A Shared Global Ideology
However, we need to call the horror by its name. According to the dictionary Le Petit Robert, terrorism is defined as “the systematic use of violence to reach a political objective.” That is, exactly the sort of logic to which such mass shootings adhere. Of course, lone wolf attackers don’t belong to an organized movement, but they share the same global ideology, i.e., the defense of white Christian civilization, this old, growing obsession fueled by leaders’ populist rhetoric “that feeds a climate of fear and hatred and normalizes racist sentiments,” as Barack Obama reiterated.

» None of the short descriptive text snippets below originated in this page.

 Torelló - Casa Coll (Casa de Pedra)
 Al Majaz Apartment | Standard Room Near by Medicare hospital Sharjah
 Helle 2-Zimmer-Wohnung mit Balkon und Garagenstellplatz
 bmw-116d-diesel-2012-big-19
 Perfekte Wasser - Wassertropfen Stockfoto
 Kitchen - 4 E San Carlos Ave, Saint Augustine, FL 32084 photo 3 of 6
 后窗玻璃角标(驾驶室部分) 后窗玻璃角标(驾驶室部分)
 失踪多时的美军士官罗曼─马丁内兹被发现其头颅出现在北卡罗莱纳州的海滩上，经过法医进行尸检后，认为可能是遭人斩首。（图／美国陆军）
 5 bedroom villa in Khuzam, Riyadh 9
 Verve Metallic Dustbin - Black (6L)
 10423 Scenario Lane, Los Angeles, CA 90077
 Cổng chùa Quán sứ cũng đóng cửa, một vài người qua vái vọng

In his manifesto, the El Paso shooter states that he was inspired by the Christchurch massacre perpetrated in New Zealand, in which 51 people were murdered inside a mosque last March. The alleged assailant of the Christchurch attack openly said he was motivated by the “Great Replacement” theory developed by French right-wing extremist writer Renaud Camus, which is very popular within conspiracy theorist circles. Like the Islamic State, white terrorism is backed by an intricate global network whose members, connected via social media, belong to a virtual community that shares the same racist, sexist and homophobic values. Today, according to the FBI, it is the No. 1 threat on U.S. soil, while Islamic terrorism has declined in Western countries. Now it’s time to stop looking the other way so this threat can be confronted head-on.